The Third Circuit also was "not persuaded by the Fourth Circuit's" reasoning in Toler. See United States v. Ketcham, 80 F.3d 789 (3d Cir. 1996). Ketcham pled guilty to multiple charges, including transporting, receiving, distributing, reproducing and possessing child pornography. 80 F.3d at 791. As with Rugh, Ketcham was not accused of any crime involving the production of the materials at issue, and thus he had no direct contact with the children exploited in making the materials. Different children were depicted in the various pictures and films seized by authorities. 80 F.3d at 792. As with Rugh, Ketcham asserted that the multiple counts should be grouped under § 3D1.2 because they involved the same victim, society at large. The court reviewed the legislative history, and concluded that the primary concern of Congress in passing the measure was to protect children. The court noted,
This is not a statute where there is no identifiable victim. The fact that a criminal statute in a general sense protects society as a whole cannot suffice to make society the primary victim. Were this the case, society would be the primary victim of nearly every criminal statute.

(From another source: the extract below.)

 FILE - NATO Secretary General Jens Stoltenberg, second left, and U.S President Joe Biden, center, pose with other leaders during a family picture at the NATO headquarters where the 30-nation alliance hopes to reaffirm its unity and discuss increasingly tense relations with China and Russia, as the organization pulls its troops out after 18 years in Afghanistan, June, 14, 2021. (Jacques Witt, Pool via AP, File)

80 F.3d at 793. Ketcham conceded that the direct victim of § 2251, which criminalizes the production of child pornography, is the child used in the production. He sought to distinguish the crimes of transporting, distributing and receiving. The court rejected any distinction, finding that § 2252 discourages the production of pornography by depriving the would-be producers of a market. Id. Thus, the court reasoned, the primary objective of both § 2251 and § 2252 was the same, to protect children from exploitation by the producers of child pornography. The court held that, therefore, the victims of both sections are the same. Id.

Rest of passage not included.